Unnamed: 0_level_0,city,mascot,league,division,year
team,Unnamed: 1_level_1,Unnamed: 2_level_1,Unnamed: 3_level_1,Unnamed: 4_level_1,Unnamed: 5_level_1
Baltimore Ravens,,Ravens,afc,north,
New England Patriots,,Patriots,afc,east,
Tennessee Titans,,Titans,afc,south,
Atlanta Falcons,,Falcons,nfc,south,
Tampa Bay Buccaneers,,Buccaneers,nfc,south,


### define test and training sets

In [7]:
###  multi-season training
# train on previous 3 yrs of data
testYear = [2016]
trainYears = range(testYear[0]-3,testYear[0]) 

# training data set - includes one extra year for prev yr record
seasons = np.array(trainYears)
print ("training seasons >> ", seasons)
print ("test seasons >> ", testYear)

training seasons >>  [2013 2014 2015]
test seasons >>  [2016]


### load and process historical data for training and test sets

In [8]:
reload(madden)

# get training data
# 1 - read all the games
path_to_lines = dataRoot + "lines/"
dfAllGames = madden.readGamesAll(path_to_lines, seasons)
# 2 - compile season record for all teams
dfAllTeams = madden.seasonRecord(dfAllGames, reference_data)
# 3 - apply season records and compute other fields for all games
dfAllGames = madden.processGames(dfAllGames, dfAllTeams, reference_data)
# 4 - remove extra year of data 
dfAllGames = dfAllGames[dfAllGames.season.isin(seasons)]

# use different test set 
seasonTest = np.array(testYear) # should be only one year
print ("getting results for >> ", seasonTest)
# 1 - read all the games
dfGamesTest = madden.readGamesAll(path_to_lines, seasonTest)  
# 2 - compile season record for all teams
dfTeamsTest = madden.seasonRecord(dfGamesTest,reference_data) 
# 3 - apply season records and compute other fields for all games
dfGamesTest = madden.processGames(dfGamesTest, dfTeamsTest, reference_data) 
# 4 - remove extra year of data 
dfGamesTest = dfGamesTest[dfGamesTest.season.isin(seasonTest)]


results for >>  [2016]


### what does input data look like ?


In [47]:
# features
dfAllGames[madden.FEATURE_COLUMNS].head()

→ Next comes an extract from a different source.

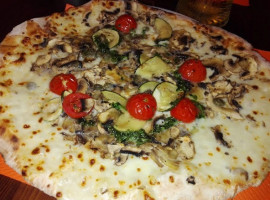 Da Vai Pizzeria Bisteccheria food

Unnamed: 0,favoredRecord,underdogRecord,prevFavoredRecord,prevUnderdogRecord,gameWeek,absLine,divisionGame,favoredHomeGame
8174,0.0,0.0,0.8125,0.625,1,7.5,0,1
8175,0.0,0.0,0.75,0.375,1,10.5,1,0
8176,0.0,0.0,0.5,0.375,1,6.0,0,1
8177,0.0,0.0,0.4375,0.8125,1,3.5,1,1
8178,0.0,0.0,0.4375,0.375,1,6.0,0,0


In [48]:
# classifier historical outcomes
dfAllGames.favoredWin.head()

8174    1
8175    1
8176    0
8177    1
8178    0
Name: favoredWin, dtype: int64

### setup logistic regression classifier

In [9]:
# define independent variables for logistic regression
features = ['favoredRecord','underdogRecord',  # current year records of both teams
            'prevFavoredRecord','prevUnderdogRecord', # prev year records, helps early in season when only few games played
            'gameWeek',  # week in season, should make a good/bad record later in season more important
            'absLine',  # absolute value of spread since favored team already determined
            'divisionGame', # T/F, usually more competitive rivalry games, i.e. bad teams still win home division games.
            'favoredHomeGame', # T/F, important since output of classifier is "did the favored team win?"
            ]

# run the classifer
random_state = 11
#classifier = svm.SVC(kernel='poly',probability=True, random_state=random_state)
classifier = linear_model.LogisticRegression(C=1e5)
mlClassifier = madden.runScikitClassifier(dfAllGames,features,classifier)


In [51]:
# predict one week of current season
iweek = 9

seasonTest = np.array(testYear) # should be only one year
print ("results for >> ", seasonTest)

# pick only this weeks games for predict
dfTest = dfGamesTest[dfGamesTest.gameWeek == iweek]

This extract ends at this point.